Fig. 2. Origami Cube. 2012.

The cube we see, literally its own support, suggests that it exists inside itself. At the same time, the image of this inside is outside what it depicts, producing cognitive disorientation in us as viewers. Especially if we imagine the cube as empty, and this emptiness as what the image shows us, then its emptiness raises the question not just of what we are looking at but also what we are doing when we look.

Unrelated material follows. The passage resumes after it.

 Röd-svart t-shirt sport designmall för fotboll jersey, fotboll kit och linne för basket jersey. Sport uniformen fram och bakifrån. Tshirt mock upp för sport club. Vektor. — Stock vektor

In other work, Fichou pushes this “plastic” consciousness even farther towards its own effacement. The “being” it implies is closer to what Hegel might have called a “System” operating the self-determination of its substance outside the will. Malabou sees in such a displaced habitus, not the totalizing drive for which Hegel’s “dialectical machine” has long been reproached, but that drive’s inherent negativity, which, turning back upon itself, or turning itself inside out, opens up in identity (or for a self-identical subject) a “space-between” opposites where differences (and limits) can be held in “reciprocal tension,” neither externalized nor elided (165).

Fichou engages this “space-between” with his video feedback machine, drily called “The Artist.”

Fig. 3. The Artist. 2013. Installation view at Young Projects. 2015.

Consisting of a camera that faces a monitor, it records the empty screen (and whatever light it emits, along with any incident light), then sends this (non)image back to be projected and recorded again, and so on in a loop. The overlay of successive (non)images generates luminous abstract patterns that can be varied with slight adjustments in the camera’s focal point and angle of view. No one exactly produces these patterns—no human hand is involved (at least directly), no representation either. Without a referent in the world, they don’t copy anything, though they derive only from the process of their own reduplication. Nor do they stand as original artifacts, though they are unpredictable and unrepeatable. They suggest purely virtual self-organizing events without depth, substance, or “filiation”—which is why Fichou calls them “Orphan Images.”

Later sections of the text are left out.